By combining the diphosphanes Ar₂P–PAr₂, where Ar = C₆H₅, 4-C₆H₄Me, 4-C₆H₄OMe, 3,5-C₆H₃(CF₃)₂, it has been shown that P,P-metathesis generally occurs rapidly under ambient conditions. DFT calculations have shown that the stability of unsymmetrical diphosphanes Z₂P–PZ′₂ is a function of the difference between the Z and Z′ substituents in terms of size and electronegativity. Of the mechanisms that were calculated for the P,P-metathesis, the most likely was considered to be one involving Ar₂P˙ radicals.
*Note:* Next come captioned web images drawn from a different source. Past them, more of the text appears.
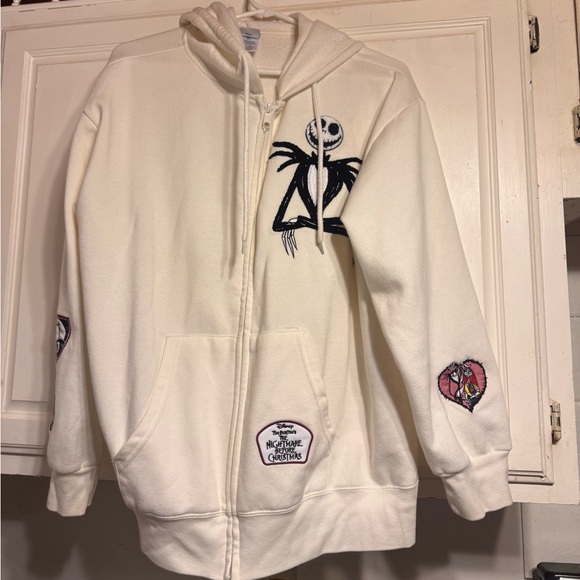 Disney White nightmare before Christmas  with Embroidered Designs - Picture 1 of 7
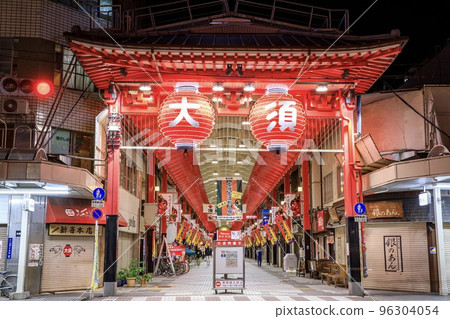 愛知縣名古屋市大須商店街仁王門街的燈籠式照明 愛知縣名古屋市大須商店街仁王門街的燈籠式照明 96304054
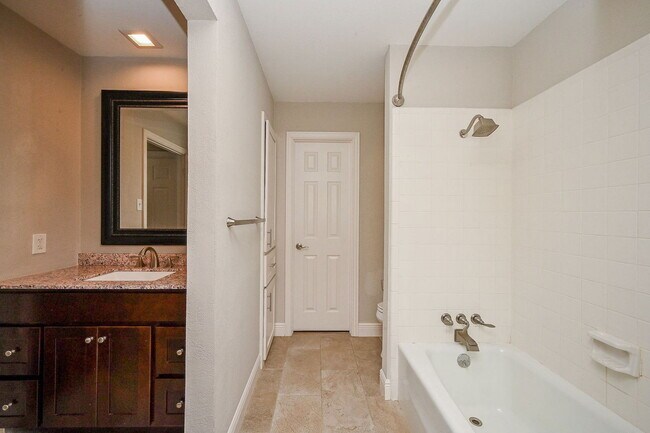 Building Photo - 414 Fox Briar Ln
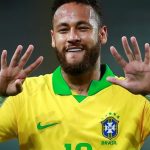 Neymar supera a Ronaldo Nazario como el segundo máximo goleador de Brasil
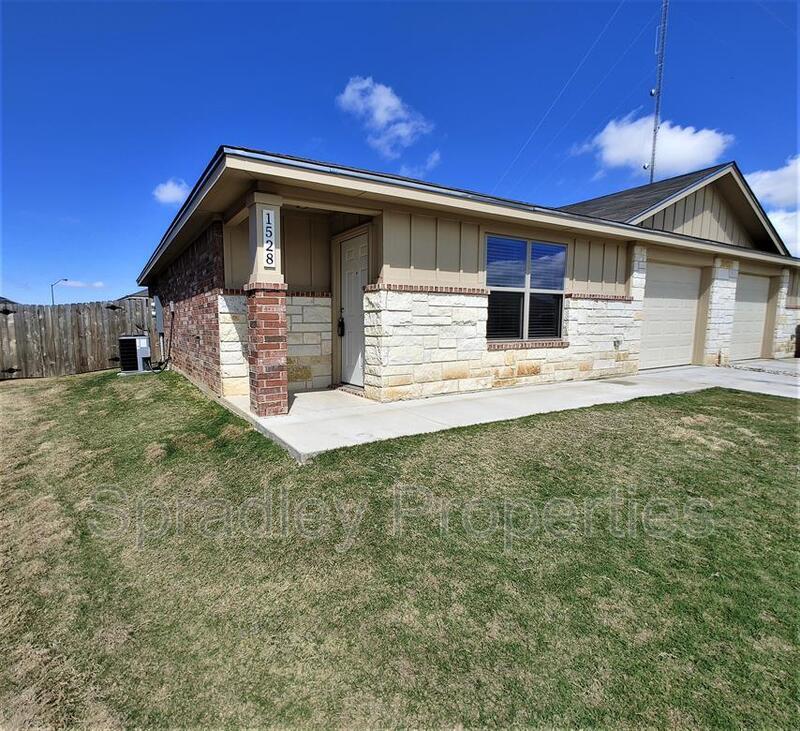1528 Vani Ct, Belton, TX 76513 Condo for Rent in Belton, TX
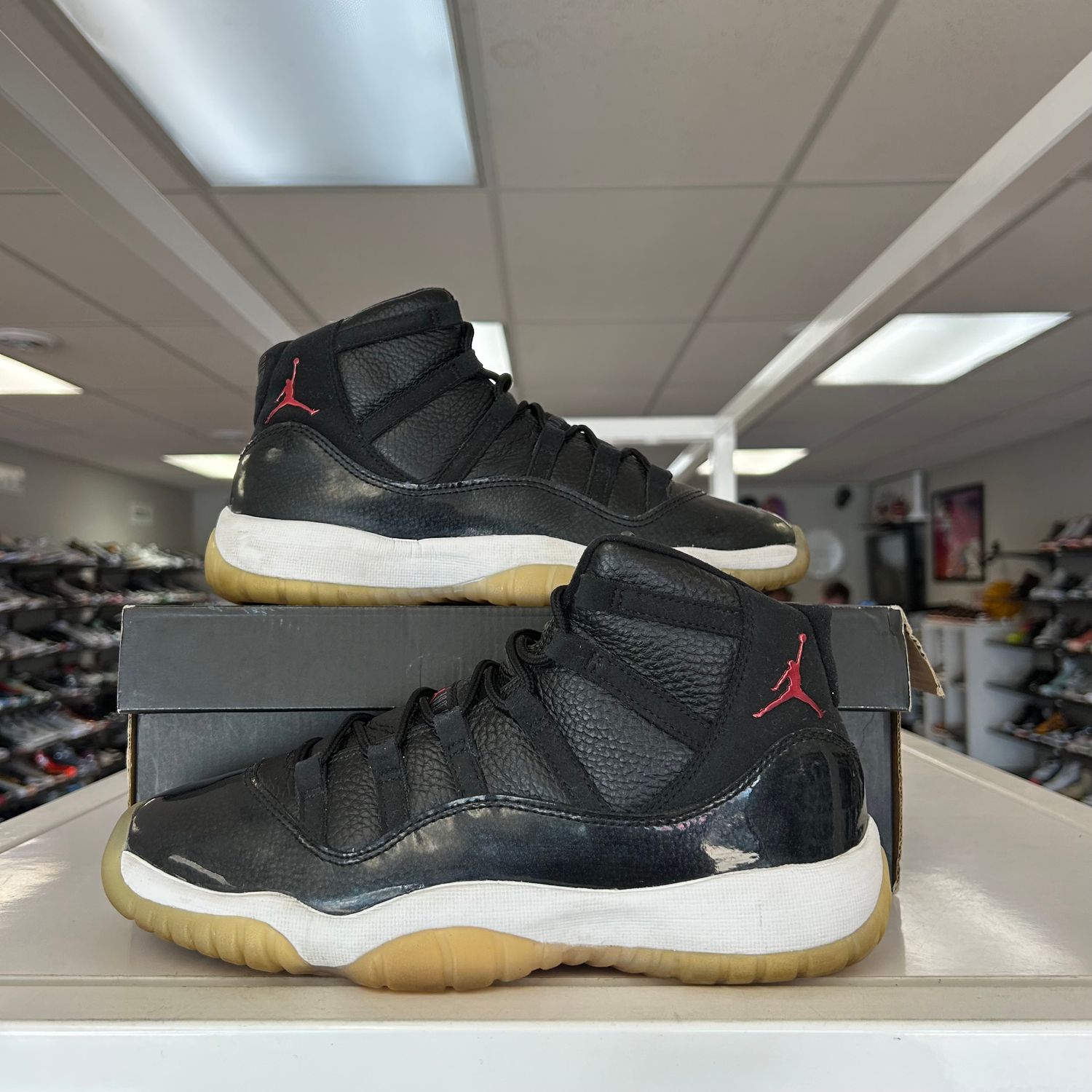 PO AIR JORDAN 11 72-10 SIZE 7Y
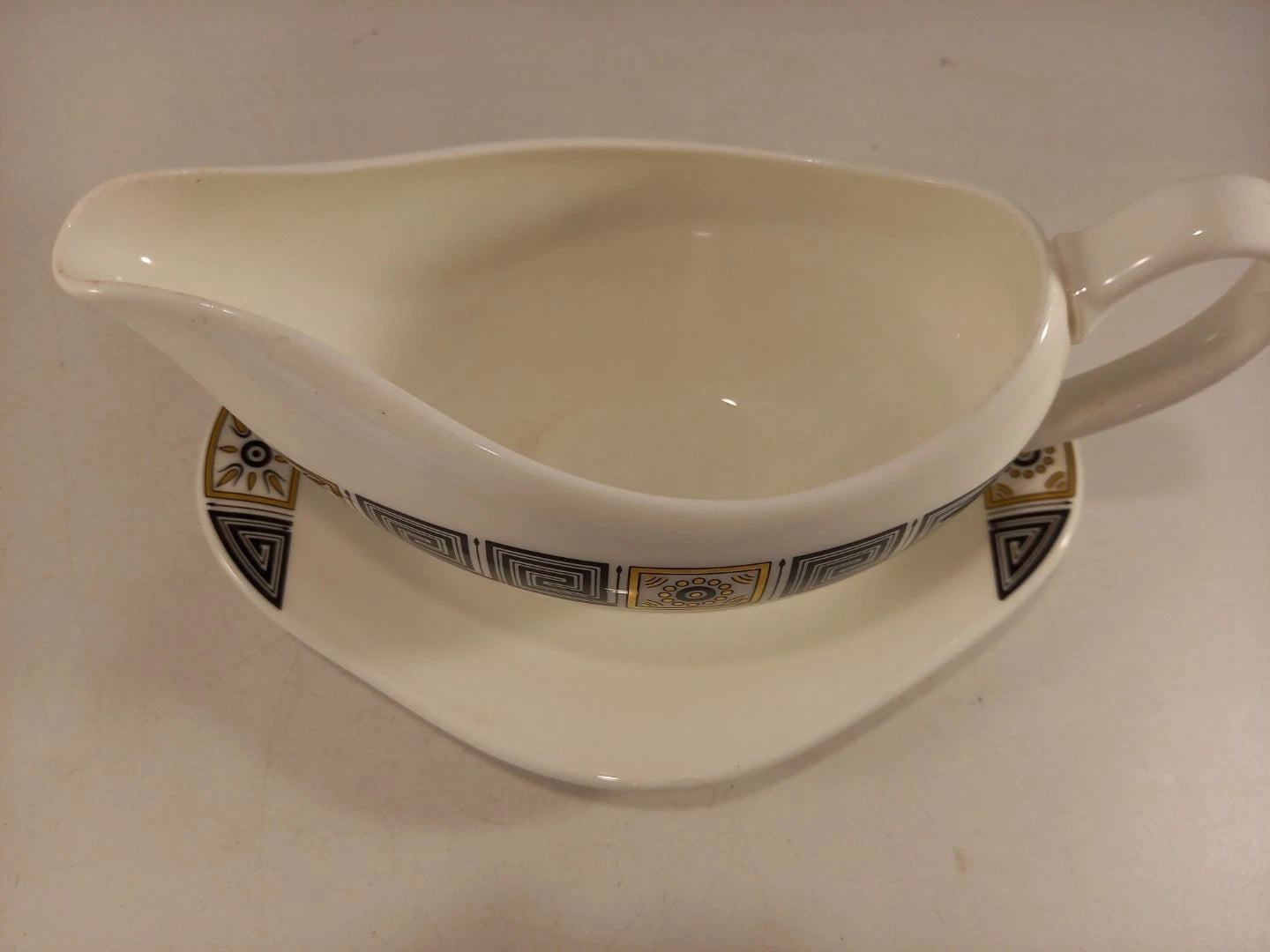 Wedgwood Asia R4288 Black Gold Gravy Boat with Plate Excellent Condition - Helsby Vintage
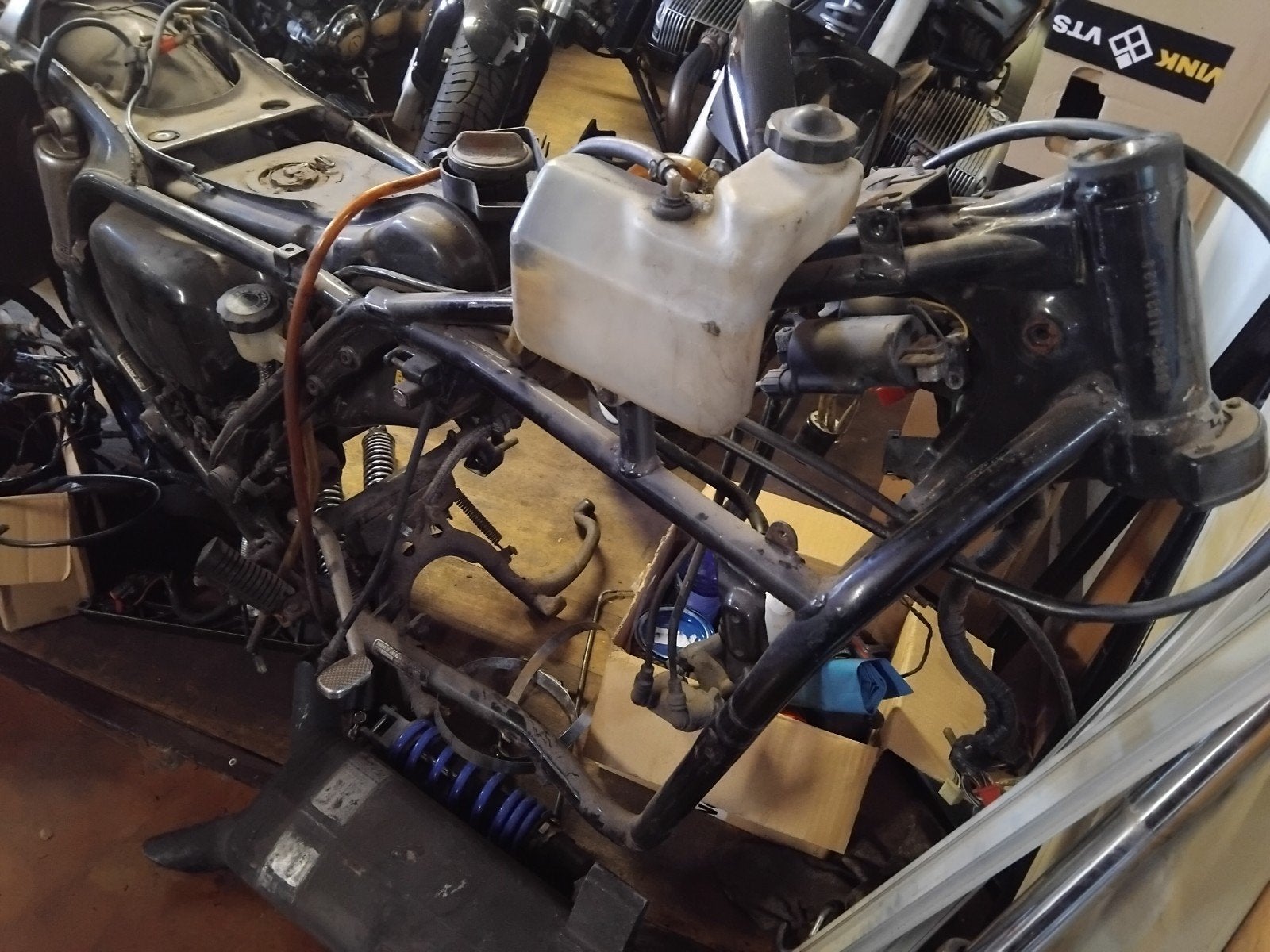 Honda Goldwing 1100 frame met kenteken 1981wielen, voorvork, Motoren, Gebruikt, Honda, Ophalen of Verzenden, Niet van toepassing, gebruikt onderdeel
The observations that photolysis increases the rate of the P,P-metatheses and TEMPO inhibits it, are consistent with a radical chain process. The P,P-metathesis reactions that involve (o-Tol)₂P–P(o-Tol)₂ are anomalously slow and, in the absence of photolysis, were only observed to take place in CHCl₃ and CH₂Cl₂. The role of the chlorinated solvent is ascribed to the formation of Ar₂PCl which catalyses the P,P-metathesis. The slow kinetics observed with (o-Tol)₂P–P(o-Tol)₂ is tentatively attributed to the o-CH₃ groups quenching the (o-Tol)₂P˙ radicals or inhibiting the metathesis reaction sterically.